BEGIN INFORMATION GIVEN

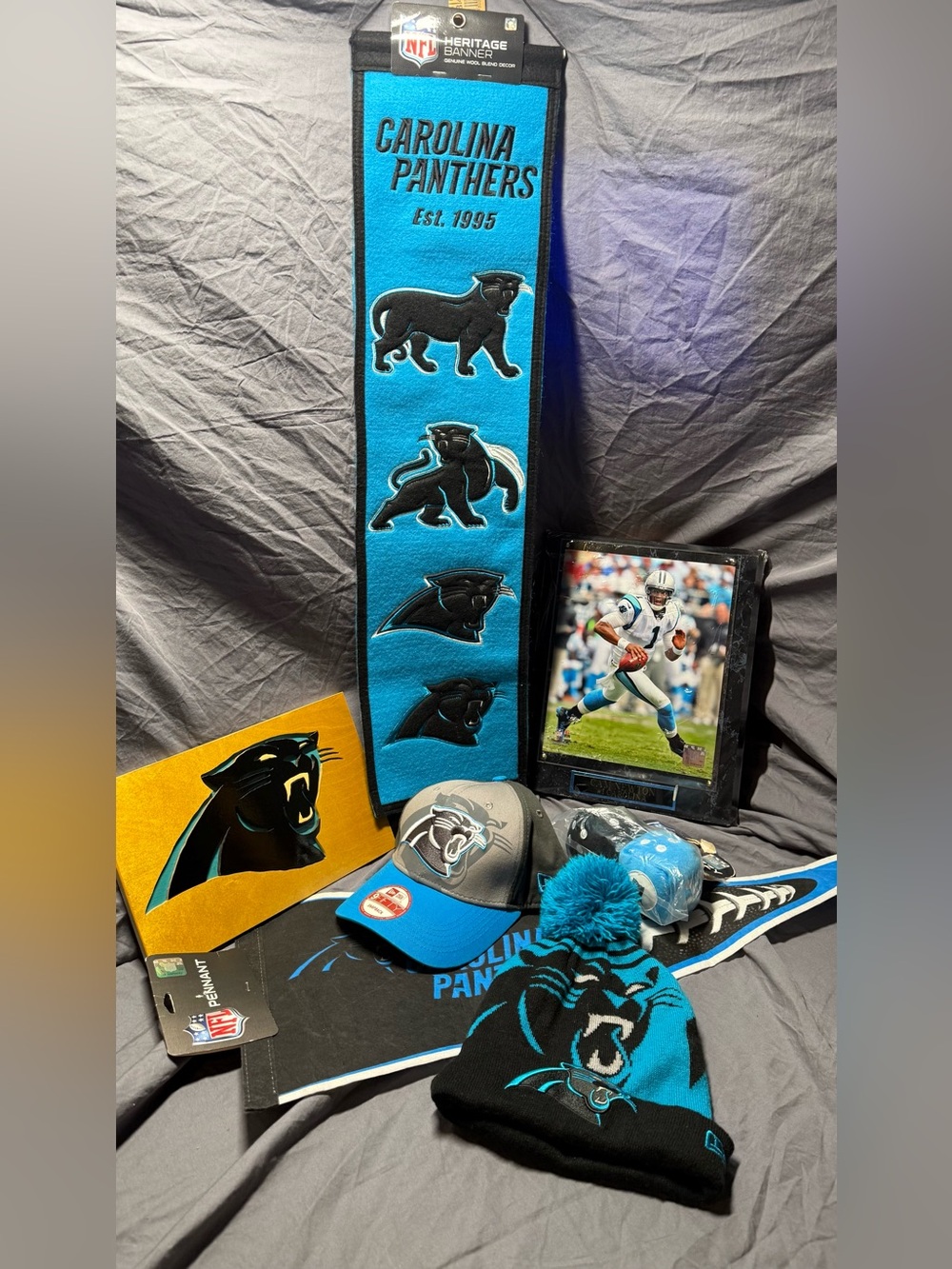 Carolina Panthers Fan Lot W/ Hat/ Cap Cam Newton License Plate Pennant NFL #1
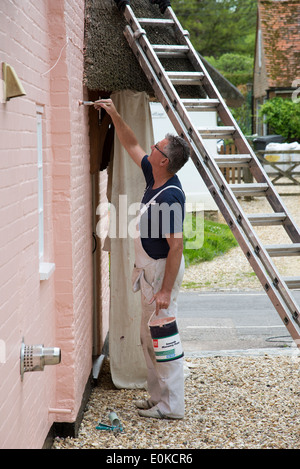 Professional pittore decoratore di verniciatura di un cottage con tetto di paglia Foto Stock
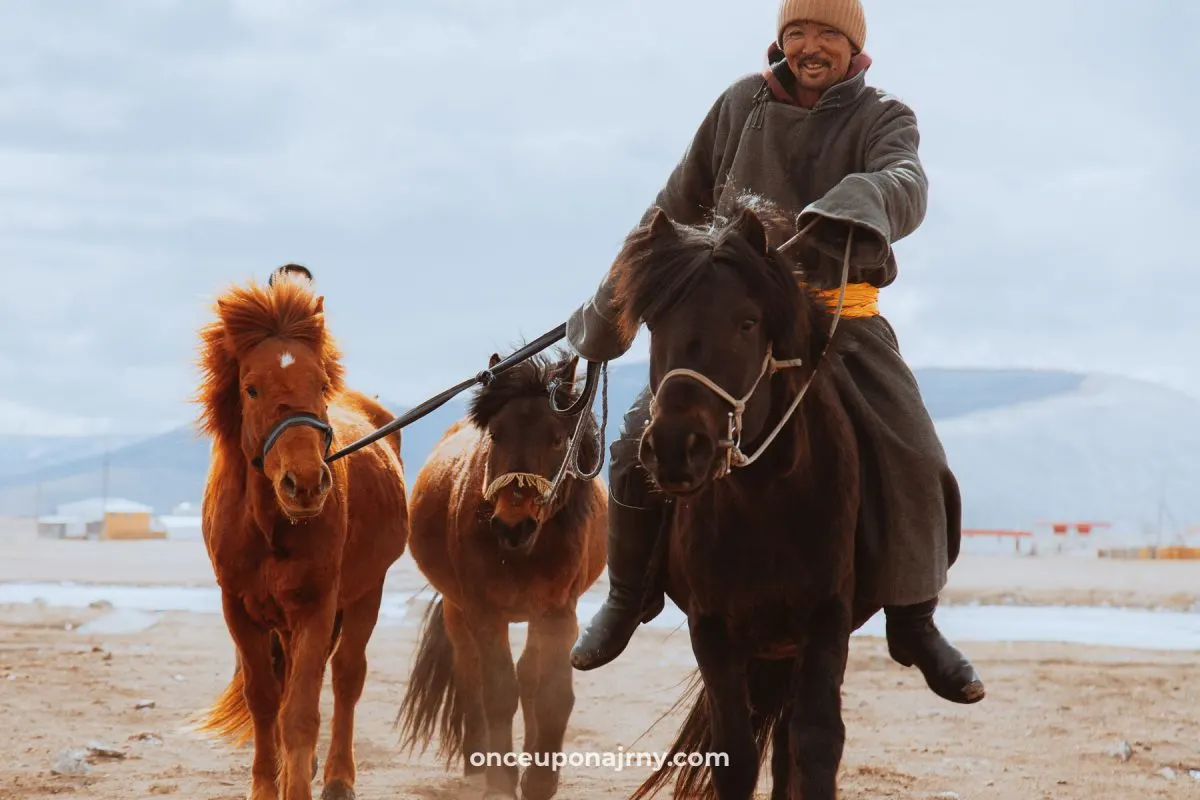 Mongolian horses horse riding Mongolia
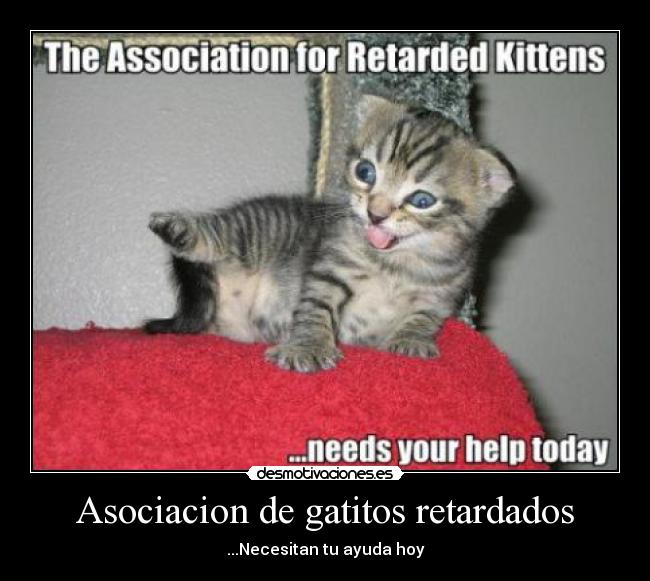 Asociacion de gatitos retardados - ...Necesitan tu ayuda hoy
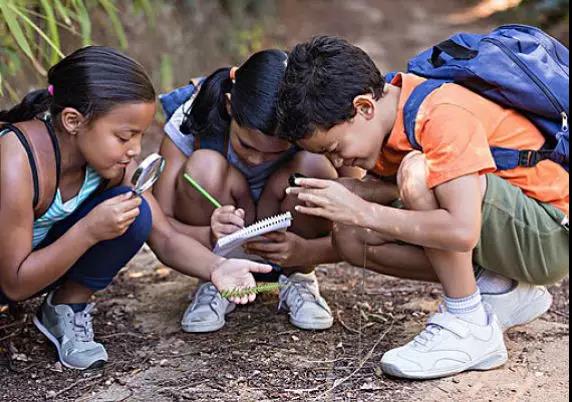 1527492957673645.jpg 3.jpg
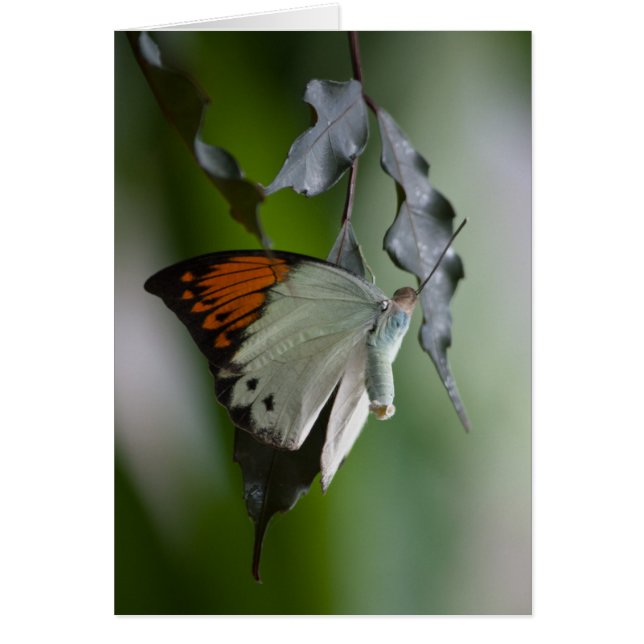 Schmetterling (Vorne)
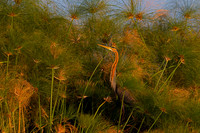 Purple Heron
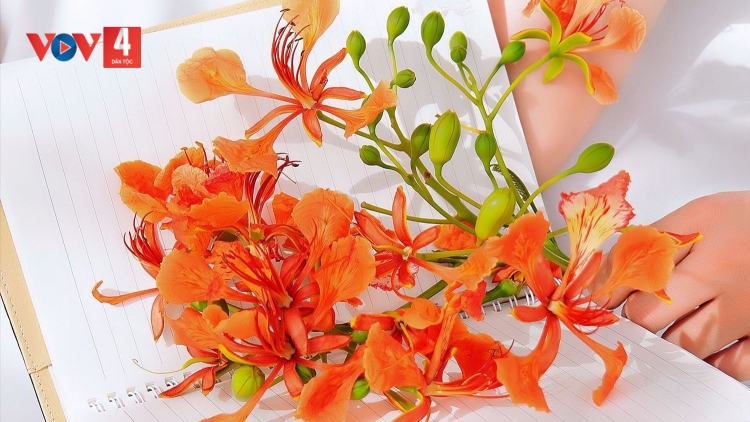 CHƯƠNG TRÌNH KHAY HENG TÀY NÙNG  (Chủ Nhật – Vằn 21/05/2023)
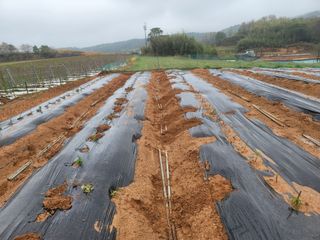 이용찬 열매마농원님의 기타작물 · 영농일지 작성글 사진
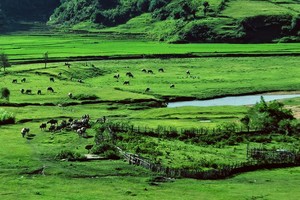 Măng Đen - Kon Tum có điều kiện thuận lợi để đầu tư xây dựng sân Golf.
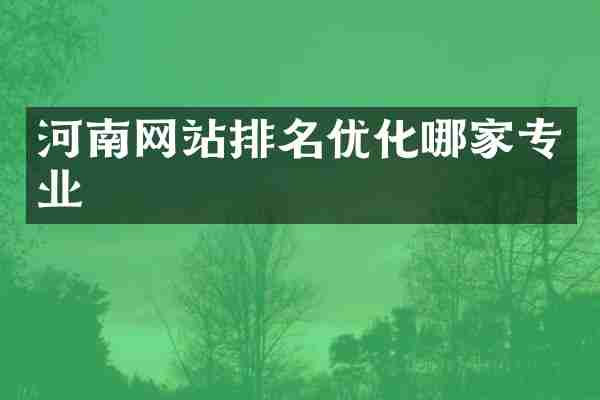 河南网站排名优化哪家专业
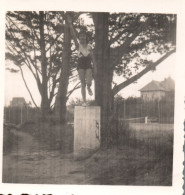 Francia 1933, Étables, La Nuova Statua, Foto Ironica, Vintage Photo - Lieux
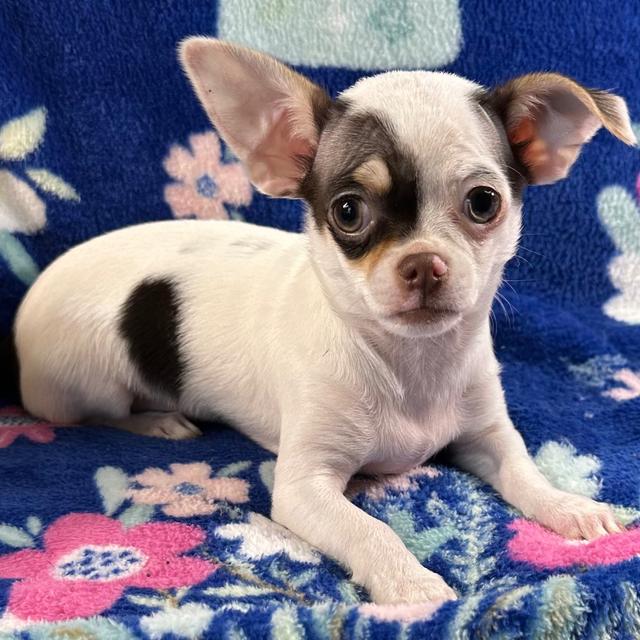 Snoopy - Chihuahua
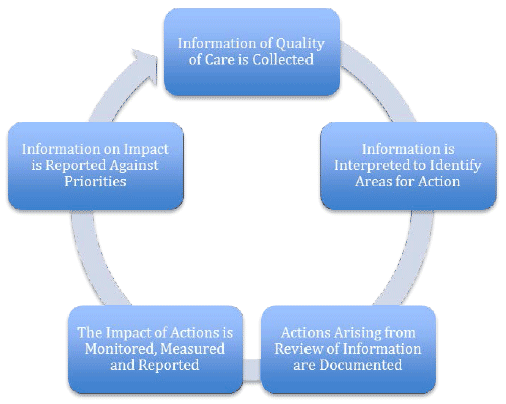 Five Key Principles of Clinical and Care Governance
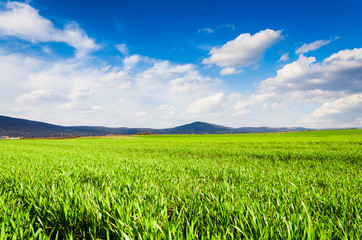 Obraz premium green field background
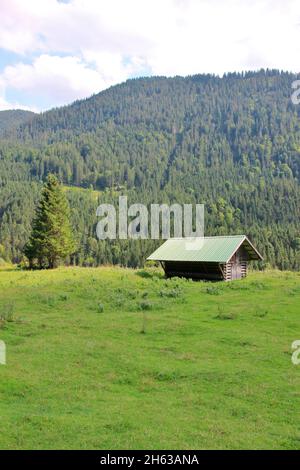 deutschland,bayern,oberbayern,karwendel,Berge,mittenwald,Wildfütterung im Sommer auf der Brandle alm, Stockfoto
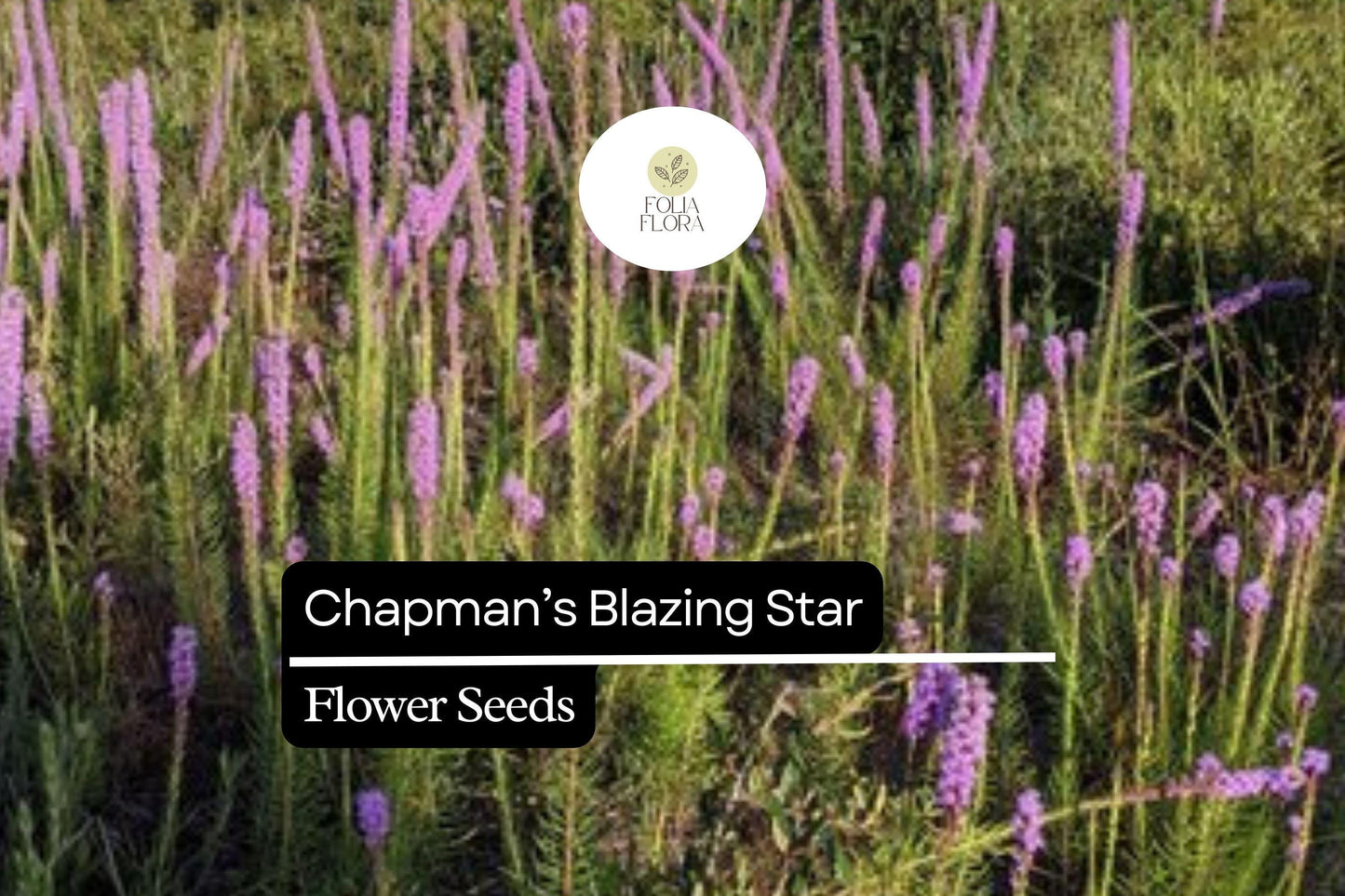 Chapman's Blazing Star | 25 Seeds | Liatris chapmanii | Native Wildflower for Pollinators & Drought-Tolerant Gardens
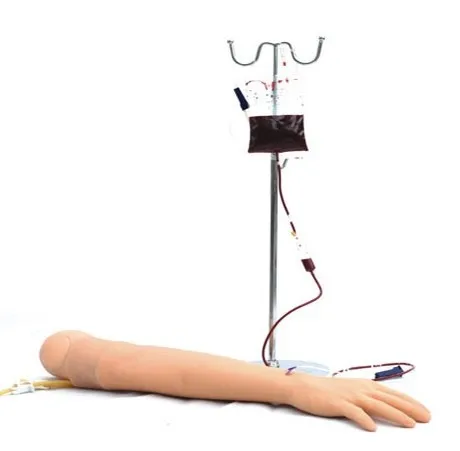 advanced venipuncture training arm model and intramuscular injection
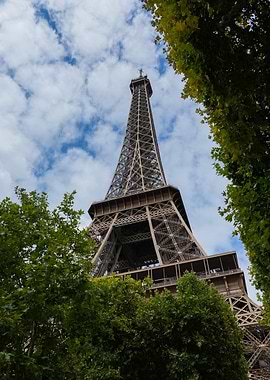 Eiffel Tower framed by trees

END INFORMATION GIVEN

=== PROBLEM DESCRIPTION ===
Each entry above should be written out again exactly, without its pictures.

=== FINISHED TASK ===
 Carolina Panthers Fan Lot W/ Hat/ Cap Cam Newton License Plate Pennant NFL #1
 Professional pittore decoratore di verniciatura di un cottage con tetto di paglia Foto Stock
 Mongolian horses horse riding Mongolia
 Asociacion de gatitos retardados - ...Necesitan tu ayuda hoy
 1527492957673645.jpg 3.jpg
 Schmetterling (Vorne)
 Purple Heron
 CHƯƠNG TRÌNH KHAY HENG TÀY NÙNG  (Chủ Nhật – Vằn 21/05/2023)
 이용찬 열매마농원님의 기타작물 · 영농일지 작성글 사진
 Măng Đen - Kon Tum có điều kiện thuận lợi để đầu tư xây dựng sân Golf.
 河南网站排名优化哪家专业
 Francia 1933, Étables, La Nuova Statua, Foto Ironica, Vintage Photo - Lieux
 Snoopy - Chihuahua
 Five Key Principles of Clinical and Care Governance
 Obraz premium green field background
 deutschland,bayern,oberbayern,karwendel,Berge,mittenwald,Wildfütterung im Sommer auf der Brandle alm, Stockfoto
 Chapman's Blazing Star | 25 Seeds | Liatris chapmanii | Native Wildflower for Pollinators & Drought-Tolerant Gardens
 advanced venipuncture training arm model and intramuscular injection
 Eiffel Tower framed by trees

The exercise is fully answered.